**Data for review:**
···
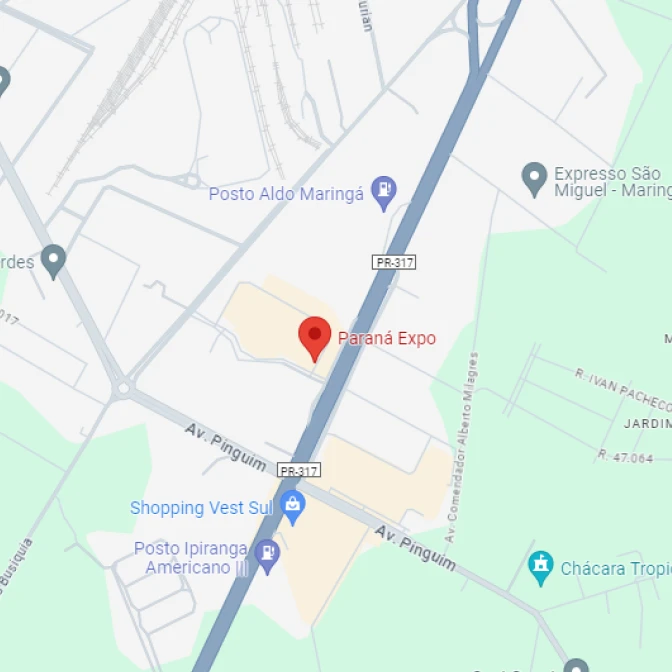 Localização - ParanaExpo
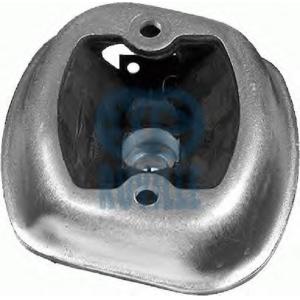 Steel Elastomer Rubber Left Right Mercedes Engine Mount OEM 2012411613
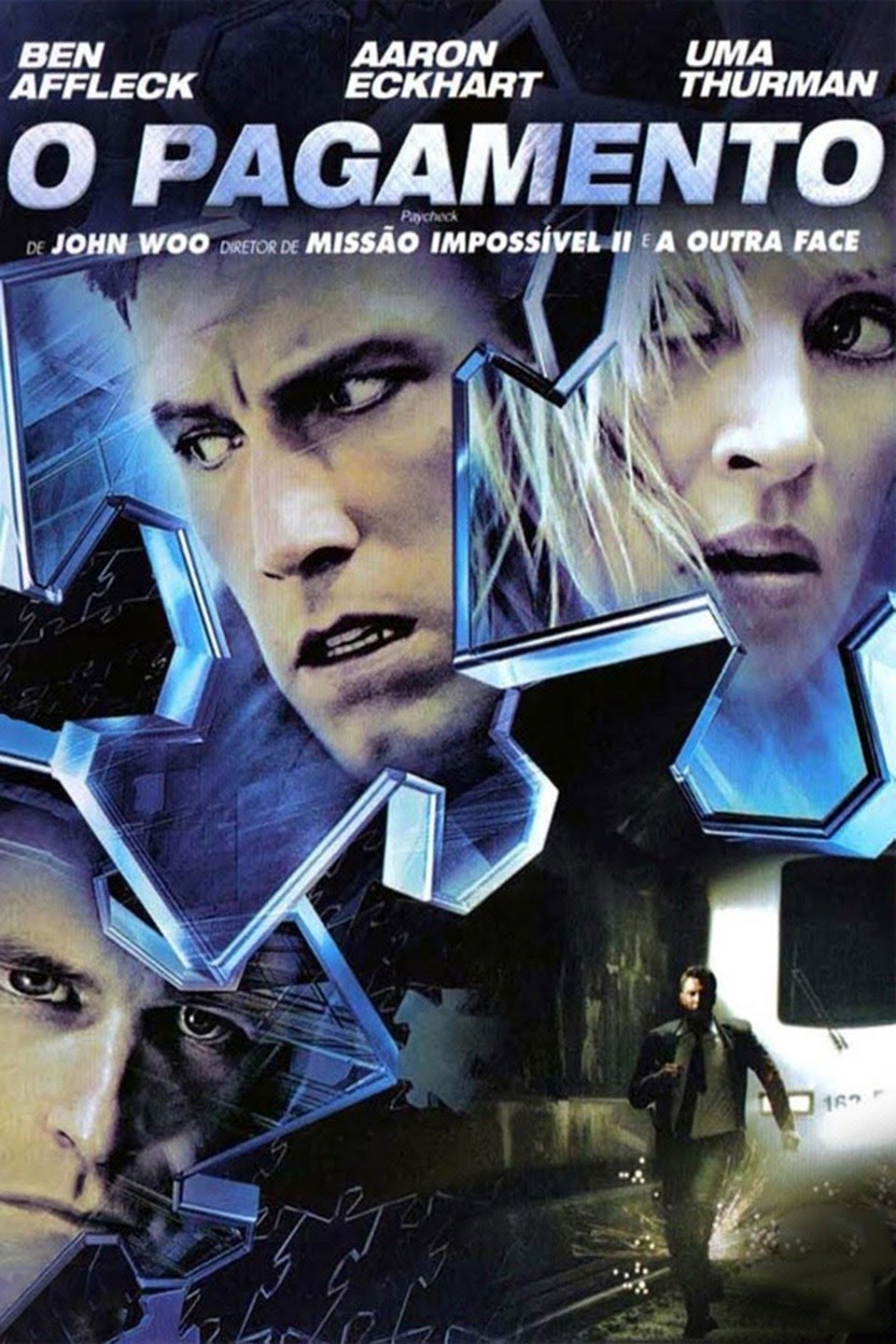 Poster de O Pagamento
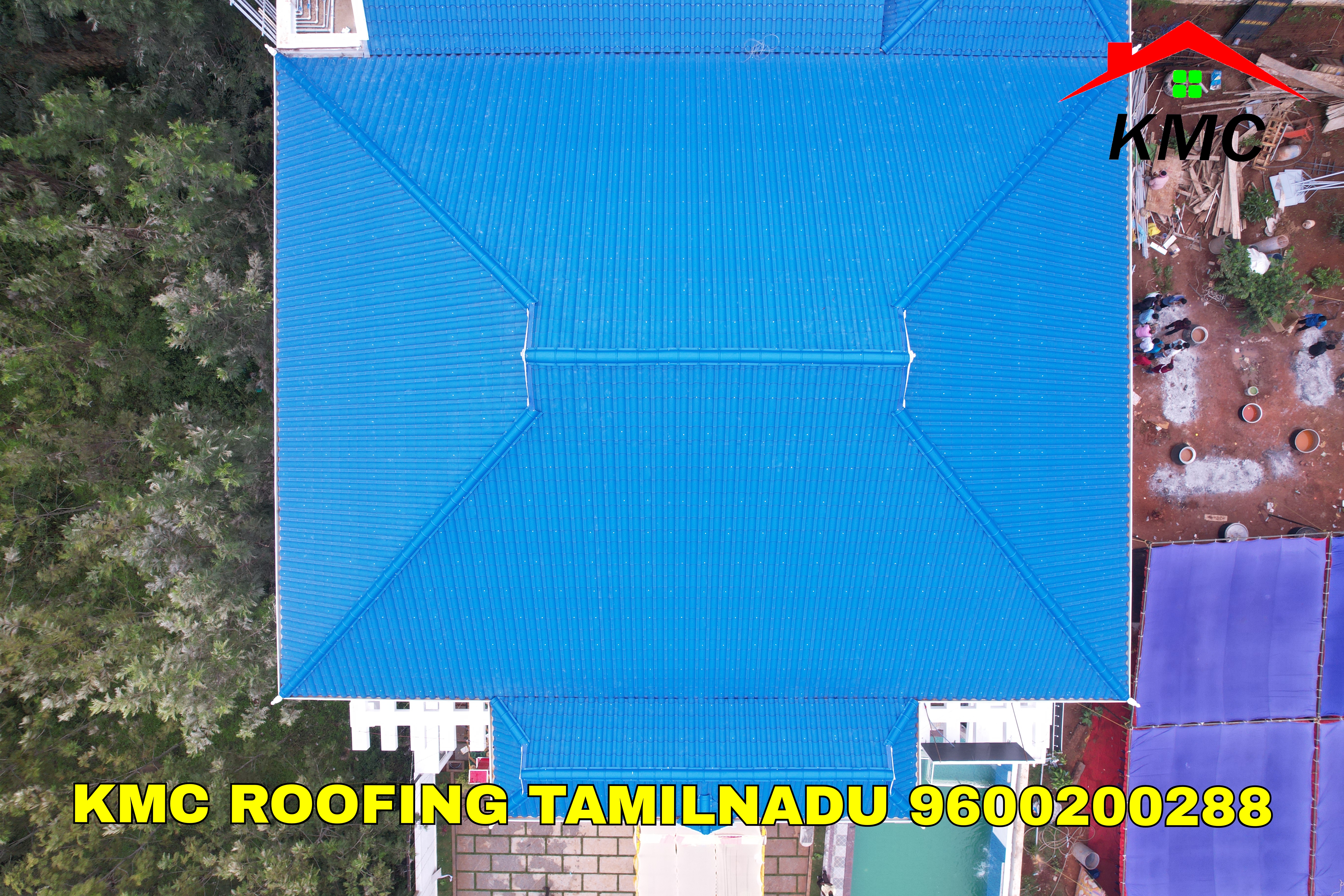 Kerala Model Roofing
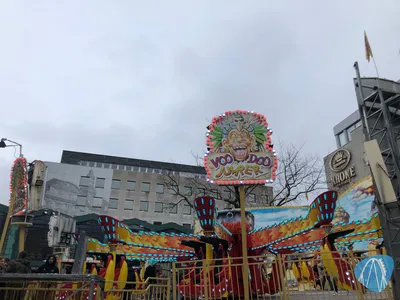 Foto aus Dortmund - Karnevalskirmes von CoasterMo
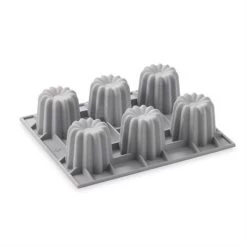 De Buyer Elastomoule 6 Canelés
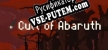 Cult of Abaruth русификатор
···
**Requirement:** Give back every record exactly. Omit the pictures.

**Task response:**
 Localização - ParanaExpo
 Steel Elastomer Rubber Left Right Mercedes Engine Mount OEM 2012411613
 Poster de O Pagamento
 Kerala Model Roofing
 Foto aus Dortmund - Karnevalskirmes von CoasterMo
 De Buyer Elastomoule 6 Canelés
 Cult of Abaruth русификатор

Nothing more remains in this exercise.